Viajar es introducir una bocanada de aire fresco en nuestras vidas para renovarnos.
Viajar es sinónimo de liberación de nuestras obsesiones, tics, manías y objetos del paisaje más familiar de nuestra existencia, al que asociamos la neurosis de cada día. De ahí que viajar es introducir una bocanada de aire fresco en nuestras vidas para renovarnos.
El viaje es, pues, algo más que escapar, recargar las baterías físicas y psicológicas a fin de redoblar nuestra dedicación al trabajo cuando regresemos. Irse de vacaciones no tiene por qué ser una forma de alimentar el círculo de trabajo-descanso-trabajo. Porque viajar implica la posibilidad de romper este círculo, de cambiar.
La experiencia turística puede emerger nuestra cara oculta, ya que viajar es dejarse llevar por el atractivo de lo nuevo, renunciar un poco a la tediosa seguridad cotidiana y asumir riesgos, dar luz verde a la fantasía, embarcarse en la aventura… Viajar implica cambiar de actitud: se agudiza la curiosidad, se abren las ventanas de los sentidos y nos volvemos mucho más receptivos a todo lo nuevo. Viajar significa, sobre todo, la posibilidad de cambiar de conducta.
Viajar es descubrir nuevas gentes, explorar nuevas tierras, significa también el descubrimiento y la exploración de nuevas parcelas de uno mismo. La psicología moderna ha considerado la conducta como la respuesta a los estímulos del medio ambiente, lo que equivale a dar nuevas respuestas a nuestro comportamiento. Paisajes insólitos, obras de arte, caras desconocidas… nos permiten descubrir otros resortes personales, hacer sonar teclas de uno mismo que tal vez nunca habíamos escuchado.
Las motivaciones del viaje.
Uno de los aspectos que más ha interesado en las investigaciones empíricas sobre la forma de comportarse del turista ha sido el análisis de las motivaciones del viaje.

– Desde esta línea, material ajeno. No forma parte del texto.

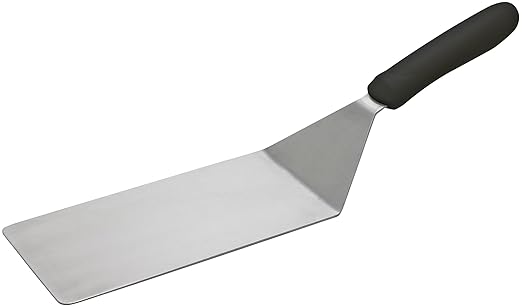 Winco 8" x 4" Black Griddle Spatula Turner for Burgers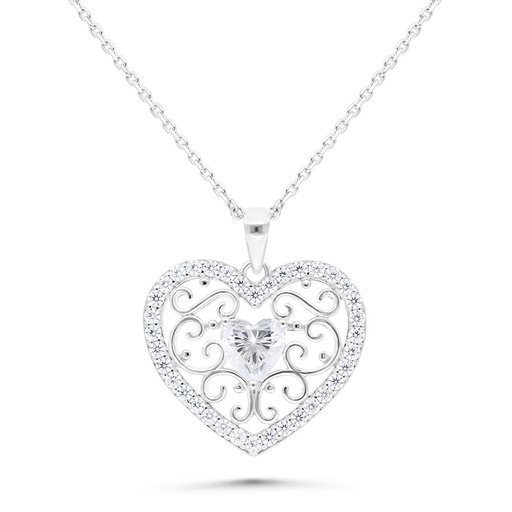 [NCL01WCZ00000B496] Sterling Silver 925 Necklace Rhodium Plated Embedded With White Zircon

Obras como Psicología social del comportamiento turístico, de Philip Pearce, han descrito una variedad de trabajos que se preguntan por las razones que impulsan a emprender este tipo de viaje.
En uno de los estudios se entregaron cuestionarios a diversos grupos de turistas preguntándoles qué les gustaba más del viaje y básicamente se mencionaban tres motivos: fisiológicos (clima agradable, confort y buena comida), sociales (reunirse con familiares y amigos, conocer gente nueva y obtener prestigio) y personales. Se observó que las ciudades y los ambientes artificiales satisfacían las necesidades fisiológicas y de relación social, mientras que las experiencias personales se daban más en el contacto con la naturaleza. Los turistas de mayor edad ponían más énfasis en estas últimas.
Analizando las conductas que llevan a la autorrealización, el psicólogo Abraham Maslow encontró un buen número de ellas, que podemos observar también en el turista típico: dejarse llevar por la fascinación de lo desconocido (perderse por las calles sinuosas de un barrio medieval), sumergirse completamente en la experiencia, ser capaz de quedar absortos en la contemplación de algo (el silencio de una montaña, un amanecer…). En definitiva, abandonarse a la vivencia de la naturaleza, al arte o a una conversación amistosa.
Los viajes constituyen un balón de oxígeno para las personas que están inmersas en una vorágine de trabajo y estrés; son una válvula de escape que rompe con la rutina diaria.
Pero también nos llevan a un conocimiento más profundo de uno mismo y a reconfortantes mejoras de la salud mental, además de darnos distracción y cultura.